### What the exercise asks
Only the lines from the one with "CONTEMPORARY AND TIMELESS" through the end of the material are wanted, copied exactly and with the pictures left out.

┌─ Exercise inputs

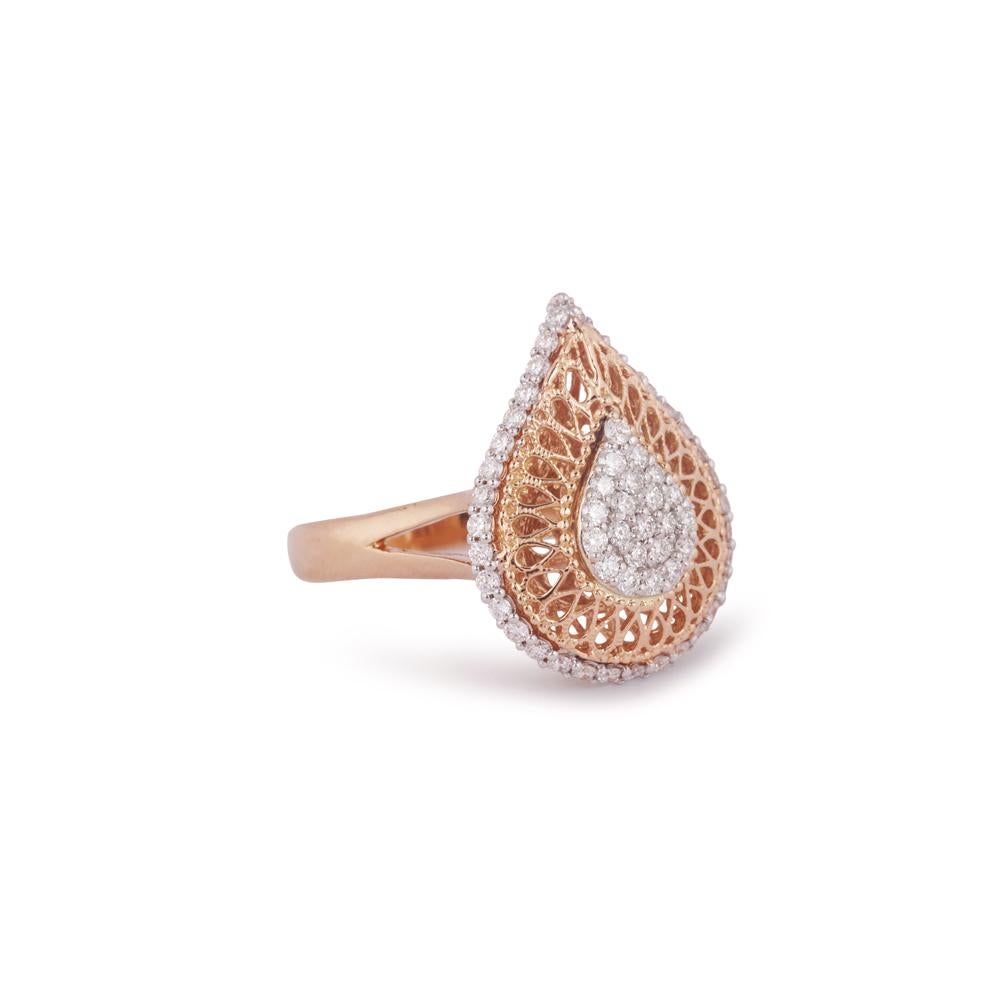 Crafted in 5.51 grams of 18-karat Rose Gold, The Terwa Statement Ring contains 56 Stones of Round Diamonds with a total of 0.60-Carats in F-G Color and VVS-VS Clarity.

CONTEMPORARY AND TIMELESS ESSENCE: Crafted in 14-karat/18-karat with 100%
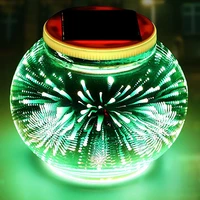 led light 3d colored fireworks mosaic home user outside the courtyard light lawn light solar light controlled
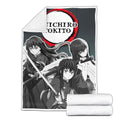Muichiro Fleece Blanket Custom Demon Slayer Anime Uniform Mix Manga Style 2 - PerfectIvy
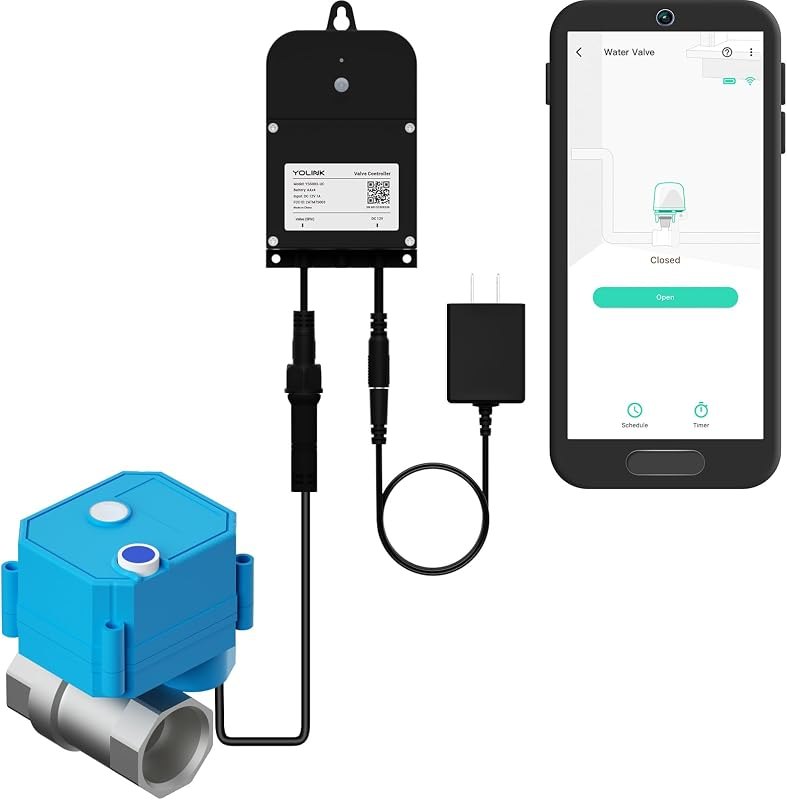 YoLink Water Shutoff Kit: 0.75" Stainless Ball Valve + Valve Controller — smart water valve for smart water valve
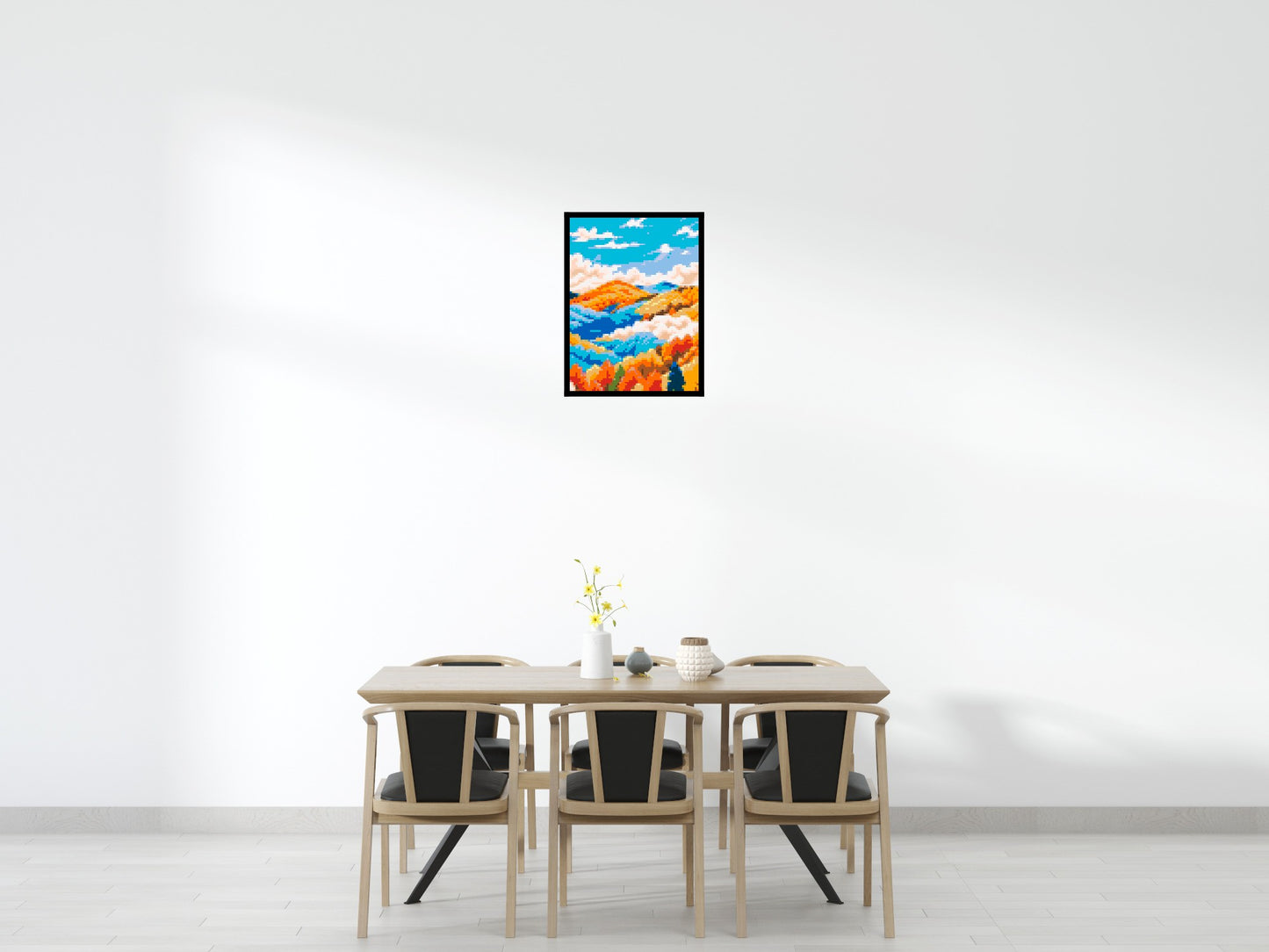 Vibrant Autumn Mountain Forest Illustration - Brick Art Mosaic Kit 3x4 large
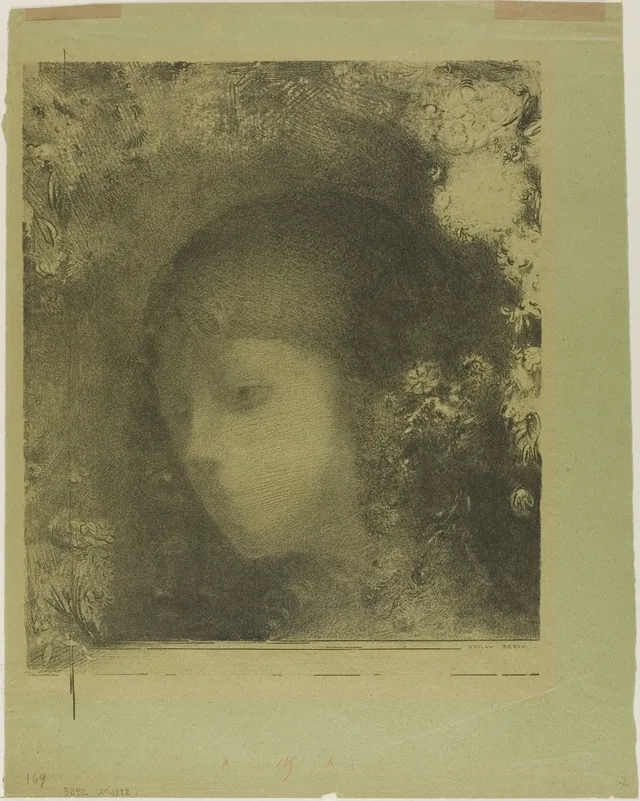 Tête d'enfant avec fleurs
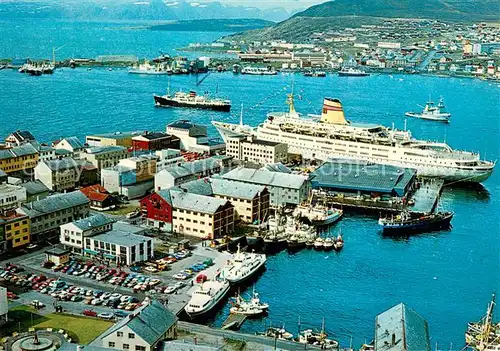 AK / Ansichtskarte Hammerfest Hafenpartie Fliegeraufnahme Hammerfest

└─

### Answer
CONTEMPORARY AND TIMELESS ESSENCE: Crafted in 14-karat/18-karat with 100%
 led light 3d colored fireworks mosaic home user outside the courtyard light lawn light solar light controlled
Muichiro Fleece Blanket Custom Demon Slayer Anime Uniform Mix Manga Style 2 - PerfectIvy
 YoLink Water Shutoff Kit: 0.75" Stainless Ball Valve + Valve Controller — smart water valve for smart water valve
 Vibrant Autumn Mountain Forest Illustration - Brick Art Mosaic Kit 3x4 large
 Tête d'enfant avec fleurs
 AK / Ansichtskarte Hammerfest Hafenpartie Fliegeraufnahme Hammerfest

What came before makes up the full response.